Friday, 8 December 2006

Being Stuck on the Train

A small number of you commented on my post ‘The Day a Stranger Asked Me Out (On the Train)’. It seems there are many of you with experiences of random (frequently drunken) conversations with people on the lengthy commute. It’s quite a strange environment, the train. The perfect writer’s device for building a plot. You know, the one where people are stuck in a strange situation/place that they can’t get out of and so therefore are forced to talk to each other eventually and all of the old social barriers that mattered in the life before no longer matter.

It reminds of a French text I studied years ago in A Level French, ‘Boule de Suif’ (Guy Maupassant). This short story revolves around a group of people thrown together in Wartime France (Franco-Prussian war of 1880s) attempting to escape the country in a ferry from Le Havre. For a reason that now eludes me they ended up sitting in an immobile horse and carriage for ages and had to strike up conversation with each other eventually. It turns out that one of the passengers is a former prostitute. A former prostitute in a carriage-full of vicars, mayors, businessmen and their wives. Naturally her status in life does not go down well with the bourgeoisie of nineteenth century small town France. She was accordingly alienated from the group.
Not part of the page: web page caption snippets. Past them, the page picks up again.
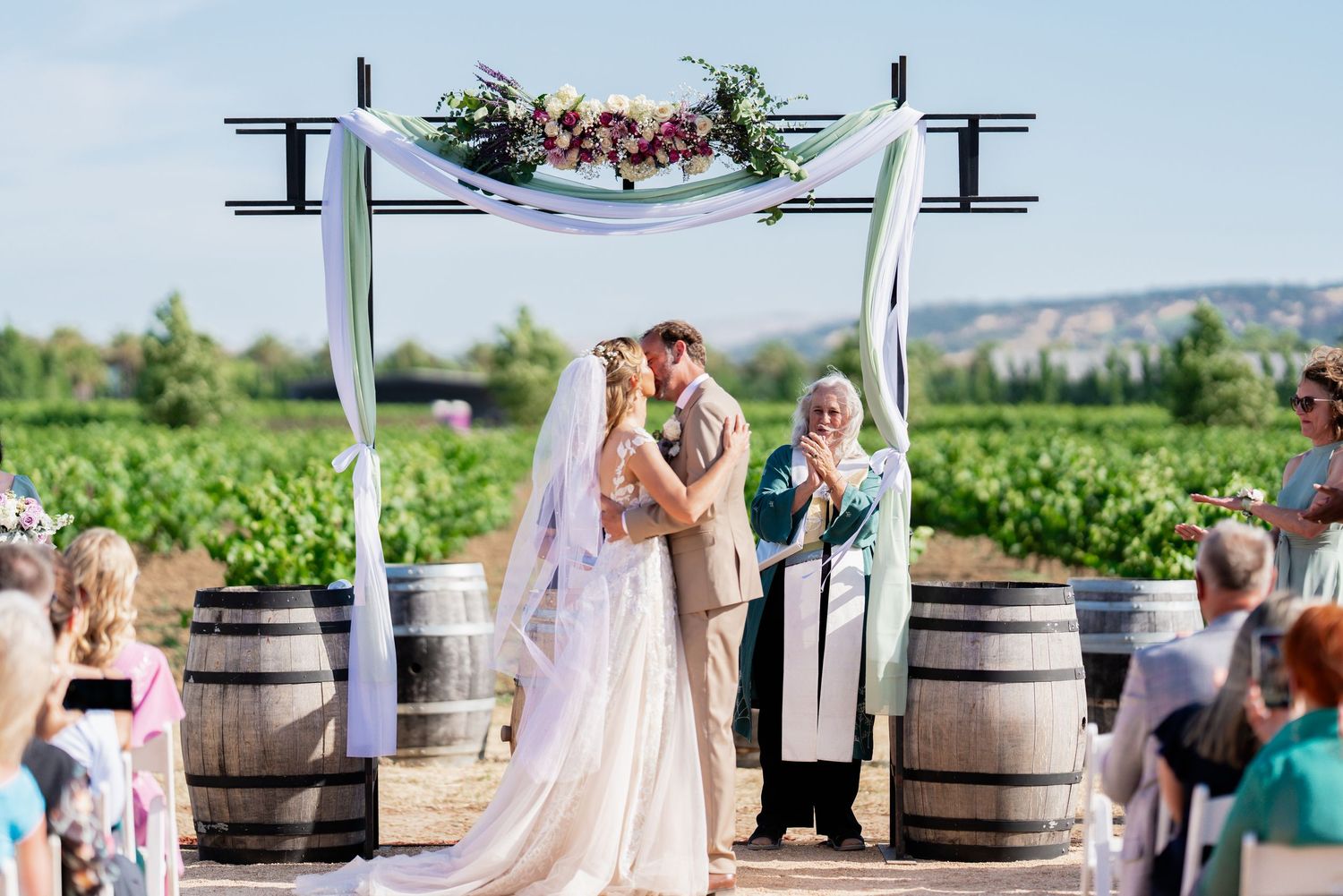 Vineyard wedding ceremony site with decorative arch and wine barrel details.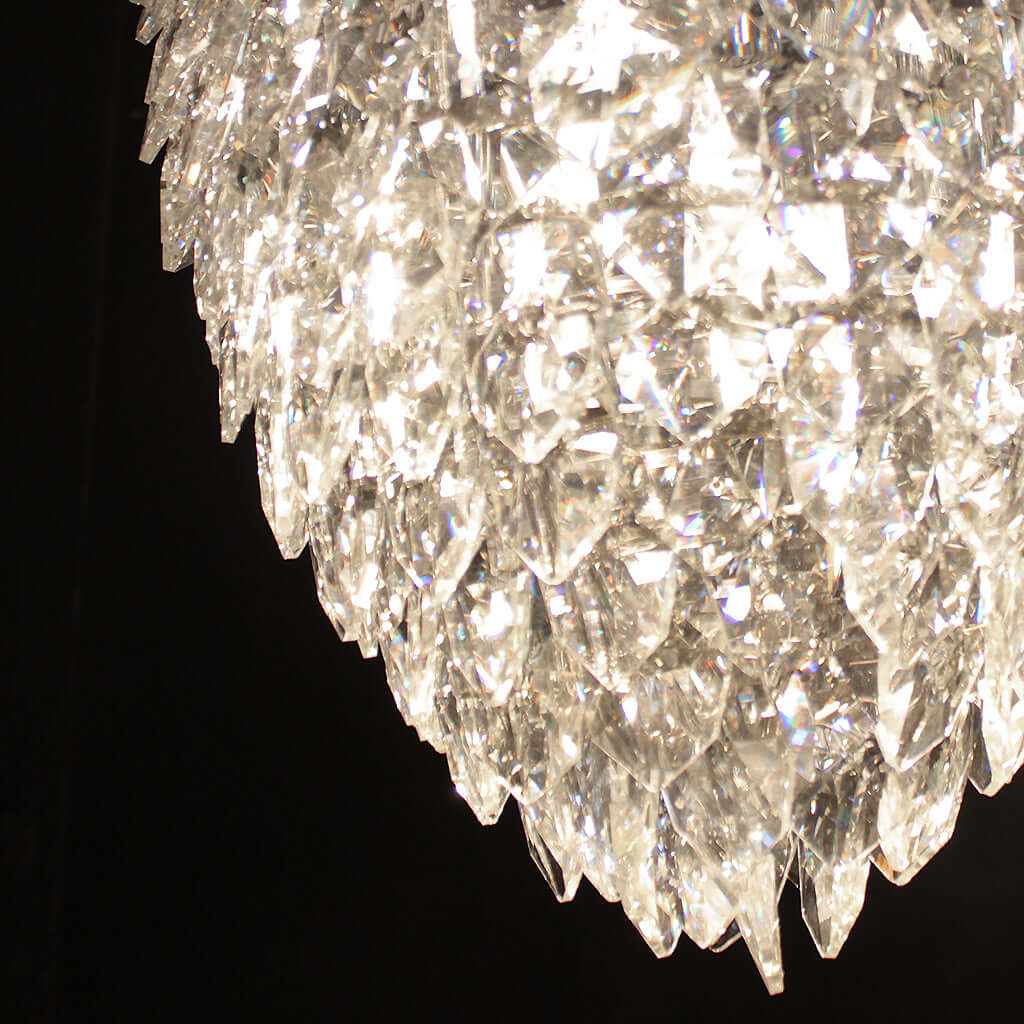 Close-up of a crystal chandelier against a black background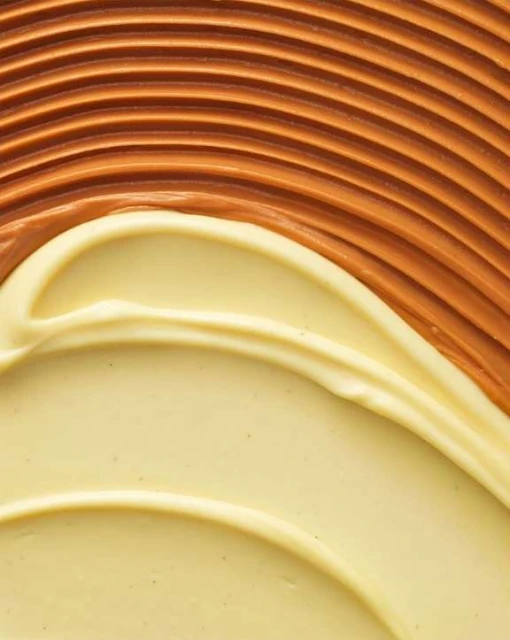 Abstract food photography of smooth, rippled pale-yellow and brown cream texture with curved lines and patterns for food-related design.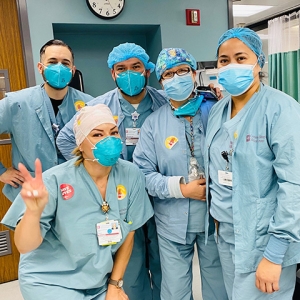 Group of five nurses inside hospital giving thumbs up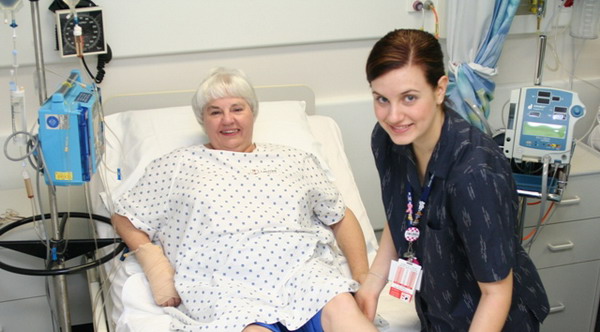 A nurse assisting a patient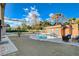 Inviting kidney-shaped pool with brick patio at 3104 Conners Dr, Las Vegas, NV 89107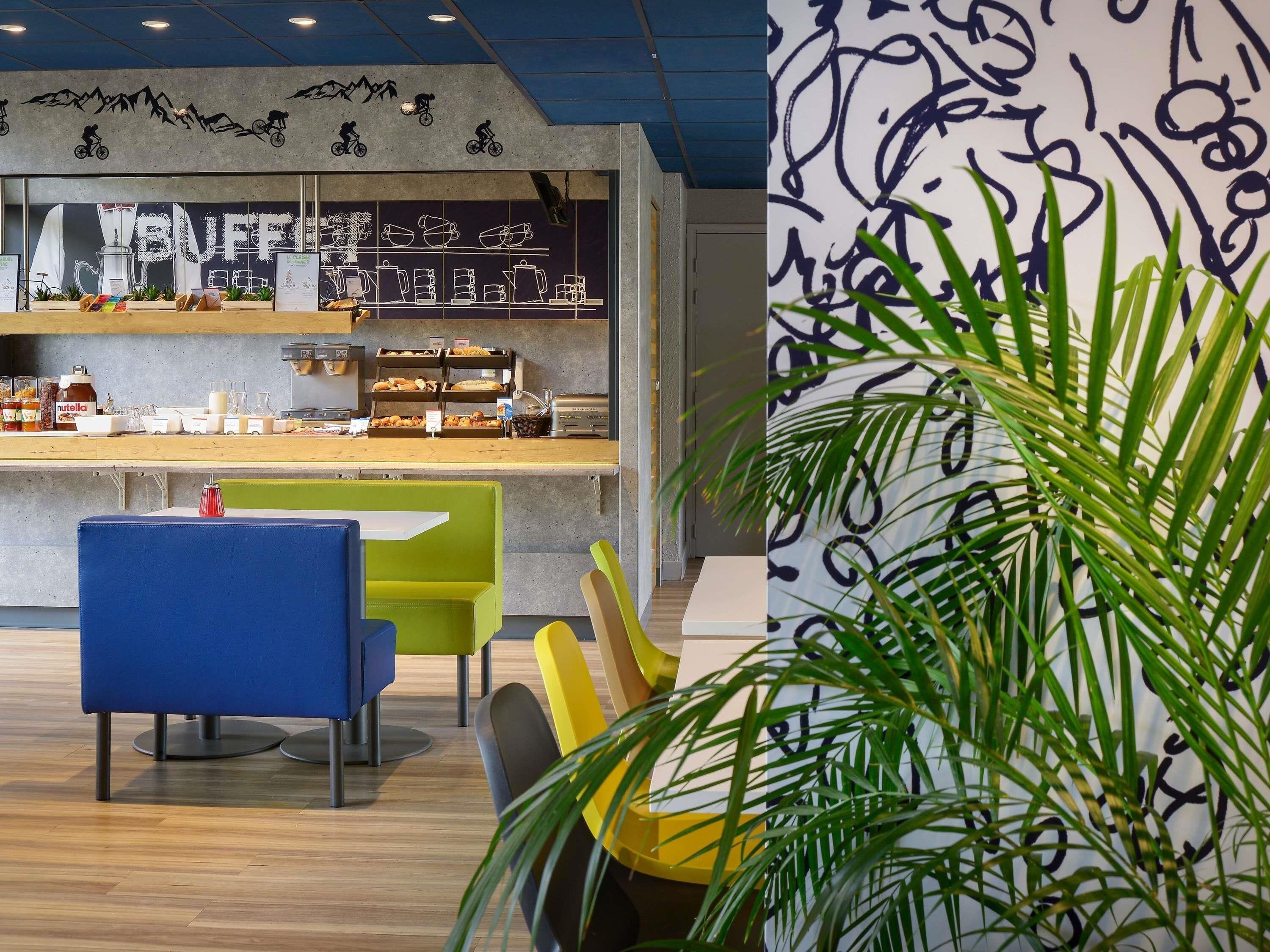 A modern cafe interior with a counter displaying coffee and pastries, seating with colorful chairs, and decorative wall art.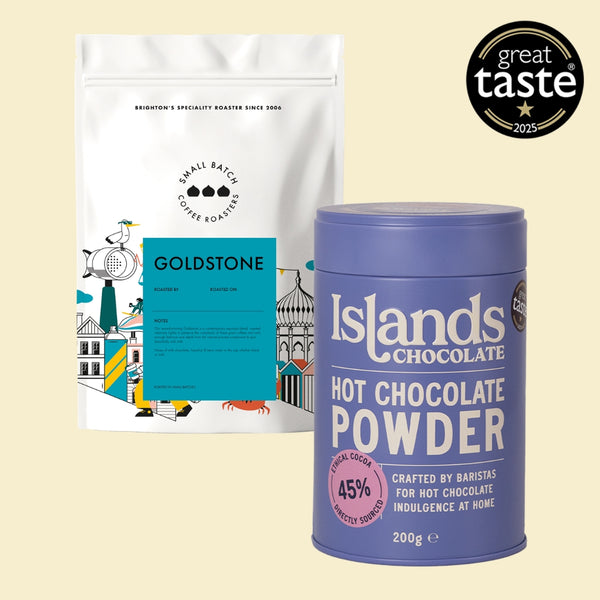 Coffee package and Islands Chocolate hot chocolate powder can on a beige background with Great Taste award logo.
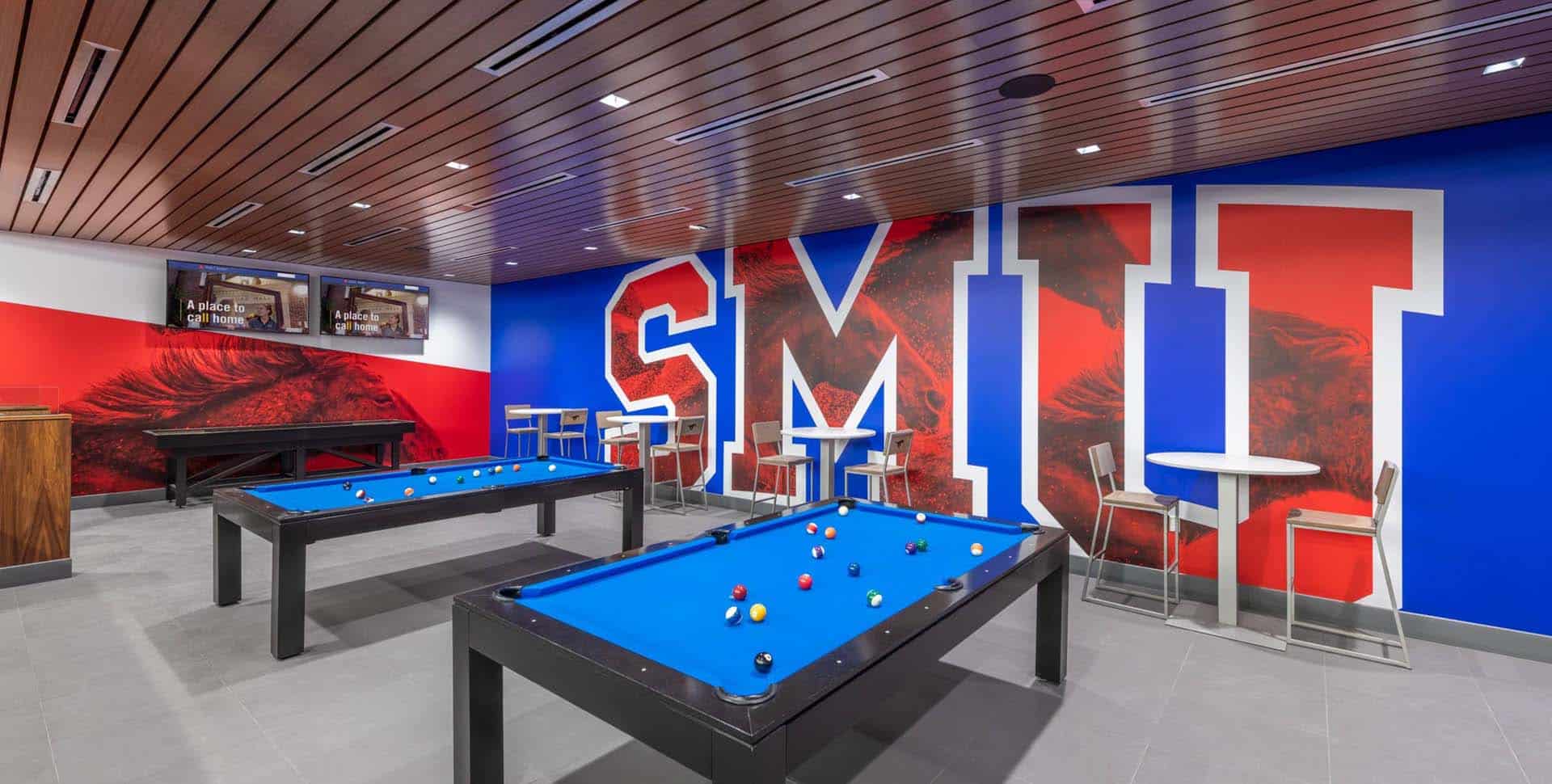 A modern game room with two pool tables, high tables with chairs, TVs, and a bold mural featuring large SMU letters on the wall.
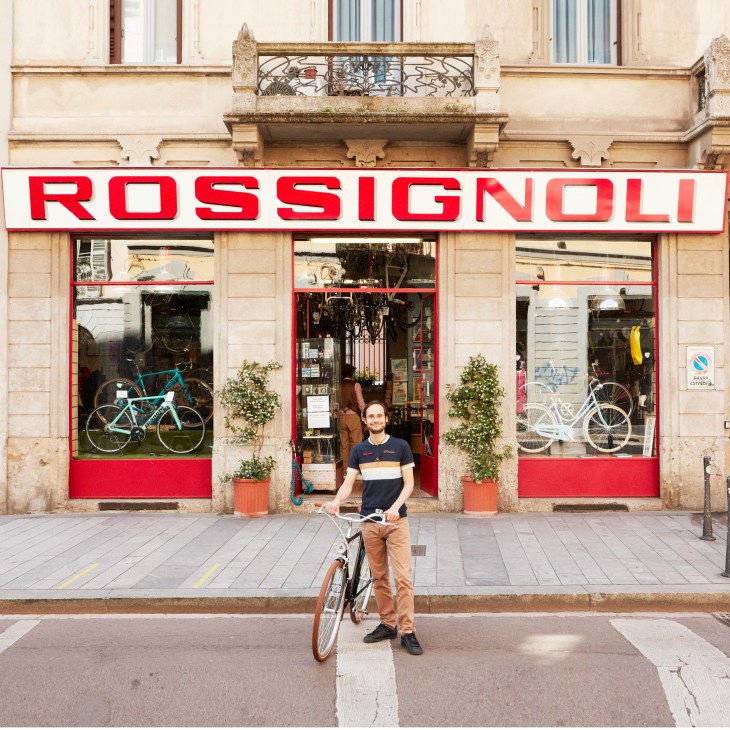 Matia Bonato standing with his bicycle outside the red-fronted Rossignoli bike shop storefront in Milan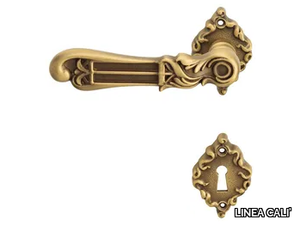 TIFFANY - Chromed brass door handle on rose with lock _ LINEA CALI'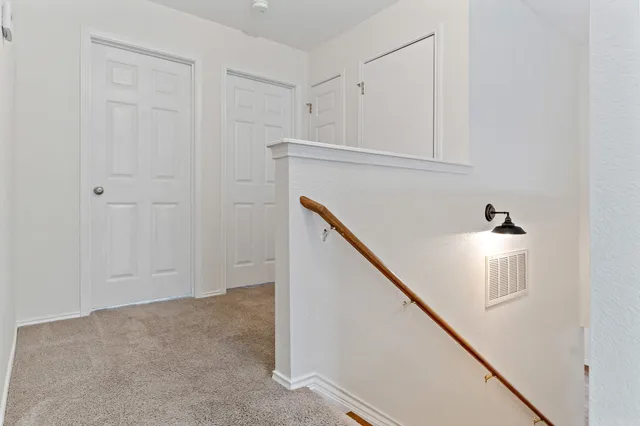 a view of entryway with kitchen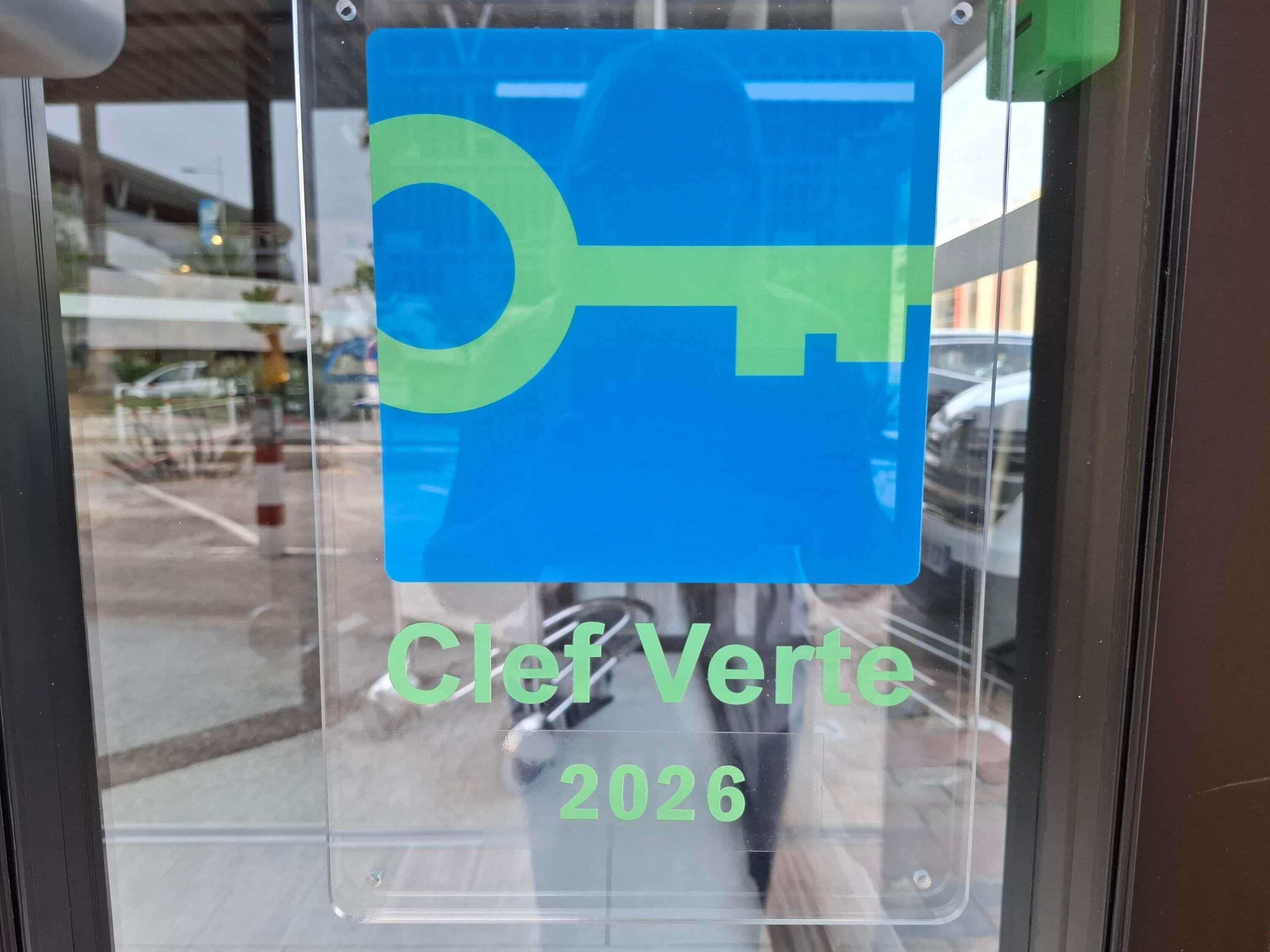 A sign with a key symbol and the text 'Clef Verte 2026' on a glass window.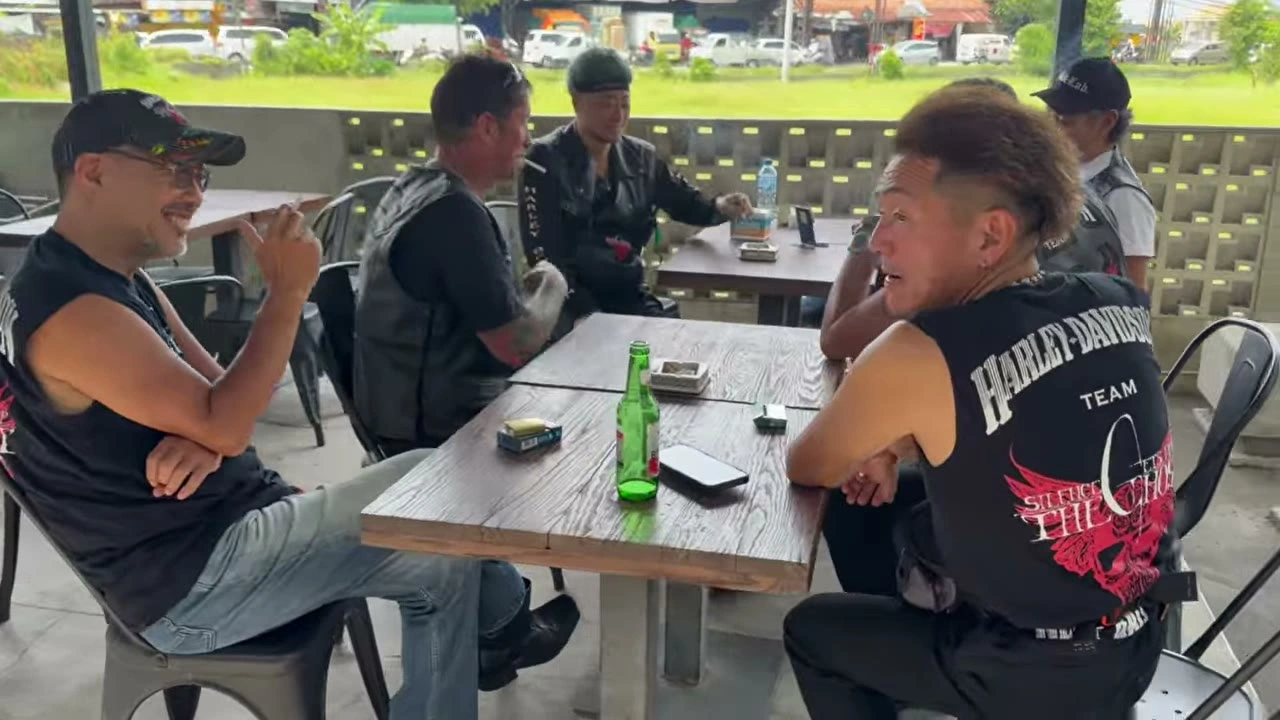 カフェのテーブルでキャップの男性が語る｜2025年11月 バリ島ハーレーツーリング — TEAM THE GHOST West Bali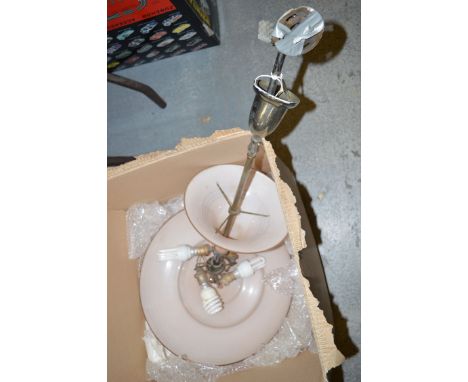 A glass electric light fitting.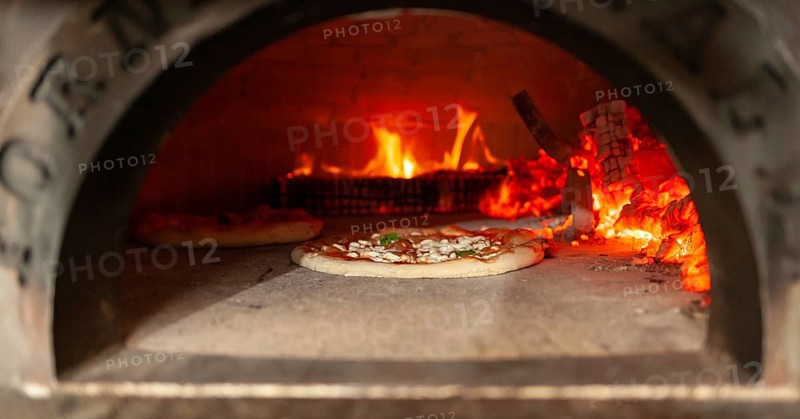 Cooking a margherita pizza in a wood oven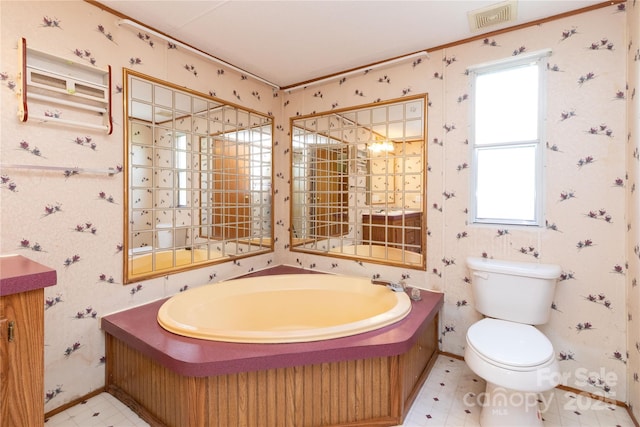 283 Grandview Dr Unit 1, Marshall, NC 28753 - full bathroom featuring toilet, tile patterned floors, a garden tub, wallpapered walls, and baseboards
I think she ended up sleeping with the Prussian guard in order to save their sorry lives, despite their petty attitudes in the face of danger during the war. A classic tale of wrongful assumptions, the underdog saving the day etc. Sorry if I have just thoughtlessly given away the plot there!

I’m trying to think of other novels where the plot revolves around being stuck in a strange situation with a group of people you otherwise would not spend time with. Can you think of any?

Anyway, the comments to my post (back to the topic!) got me thinking about talking on the train, an enclosed environment, and how this is generally deemed to not be a good idea for varying reasons!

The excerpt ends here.